However, I would not consider this as a solution for the base load in the transition to renewable energy. I think we should build a number of gas turbine power plants. Gas would be a lot cheaper option if not for us selling a lot of the eastern seaboard gas supply overseas some years ago. New deposits are being found especially on the NW coast.
The real problem with the transition to renewable energy is that there is a complete lack of anyone with the managerial and engineering project skills to oversee this transition including driving the technology changes necessary. Formulating policies are not going to drive this change.
Peter McCormick, Lakes Entrance
Shops doing it tough
What is happening to our shopkeepers having to put their goods down 15-30% so they can get customers into their shops?
Customers are dwindling a lot, because of Big W and increasingly high rents the shops have to pay. The owners cannot afford the high amount of rent. And I supposes Big W can do what they like.
Bega is a big town, they are doing it tough, but it comes down to us, the people of Bega and district. It only takes one to start it up.
Mick Ahkin, Bega
Knee-jerk reaction
It is interesting that people just quote statistics on crashes. Out of seven fatalities on the mountain, locals know that four of them have nothing to do with speed or road conditions. The road from South Pambula to the bottom of the mountain and again from the top to Cathcart are perfectly safe. If the speed limit on these strips is reduced to 80 then it is nothing but ridiculous.
Again a knee-jerk reaction by some. We are becoming the most over regulated country in the world.
Nerida Manning, Delegate
Secret koala approach
The NSW Legislative Council has initiated an inquiry into koala populations and habitat in NSW. If one were looking for a good example of why such an inquiry is necessary, it's difficult to go past the massive waste of public funds and appalling management koalas are subject to in the south-east.
Take the secret 150 hectare hot burn undertaken in critical koala habitat near Bermagui last week. Of course we know such burns will not stop a fair dinkum bushfire, nor will it stop a fire from starting. However, there are many negative impacts including the further degradation of the limited suitable habitat available for koalas.

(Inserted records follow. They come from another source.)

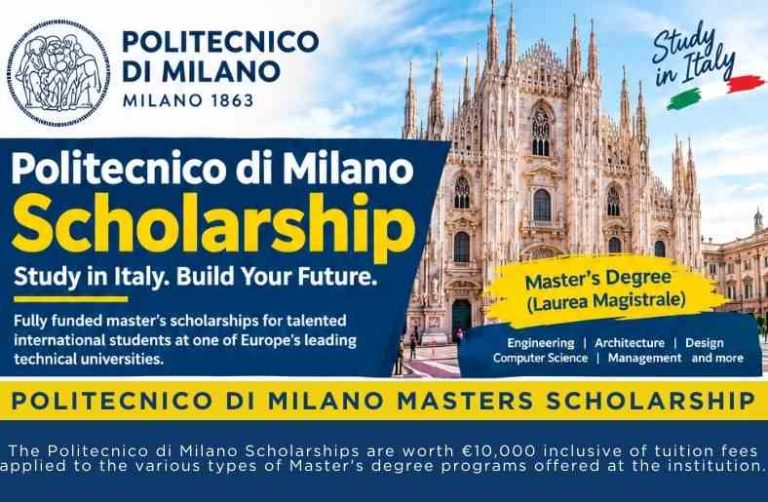 2027 Politecnico di Milano Scholarships in Italy (Fully Funded)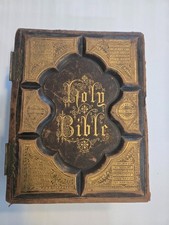 Rare Antique 1872 Holy Bible with apocrypha by Albert Leighton Rawson picture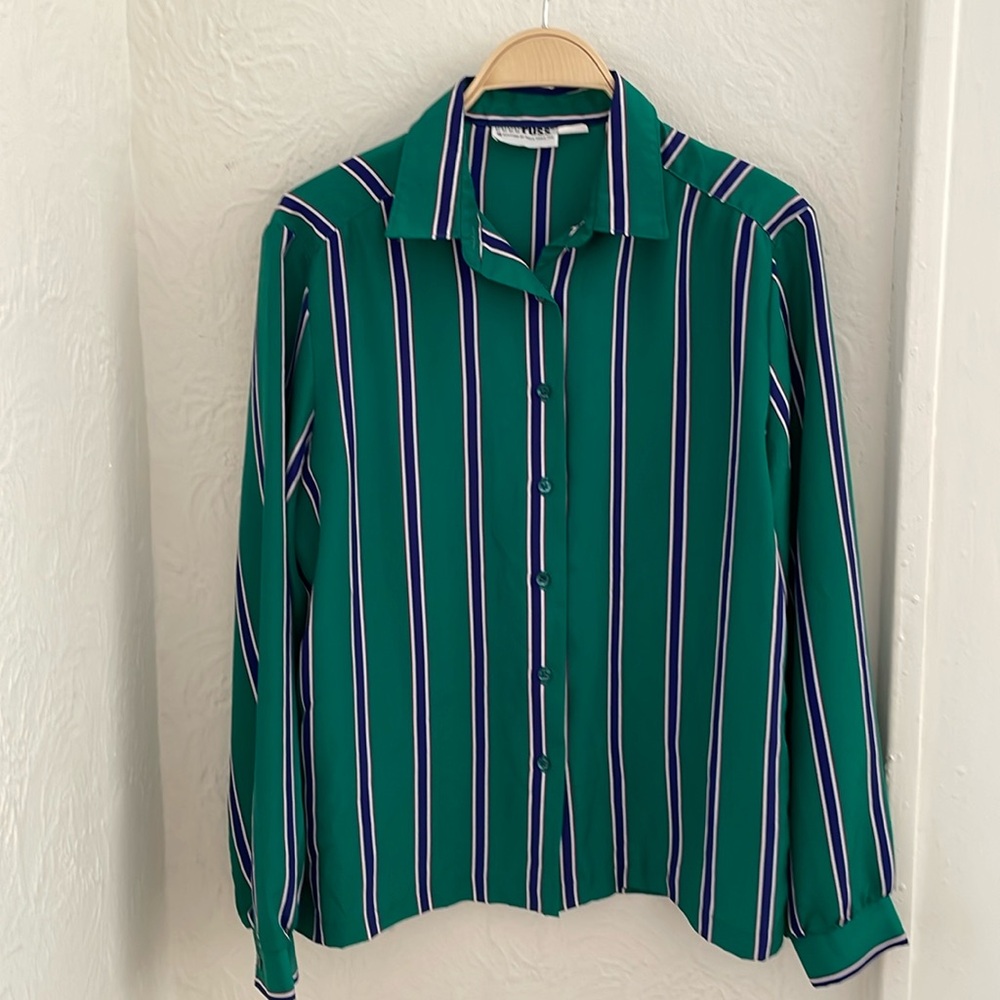 RRRRRUSS Women's Vintage Striped Button-up Shirt Size M In Green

This sledgehammer approach to koala management is apparently supported by a secret new conservation group that the Office of Environment and Heritage (OEH) set up in Bega earlier this year. It seems the purpose of the group is to continue withholding information, while supporting what the OEH and the Forestry Corporation support (aka the koala extinction plan). For example, the planting of thousands of trees on private land (BDN July 19) was first proposed by the Forest Corporation back in the 1990s. All of the evidence demonstrates this will not help koalas, unless they are special or magic trees. Then there are the perennial and secret publicly funded pre-logging koala surveys that don't help koalas either.
If nothing else the inquiry will provide those interested in helping koalas with a forum, that otherwise doesn't exist, to express concerns.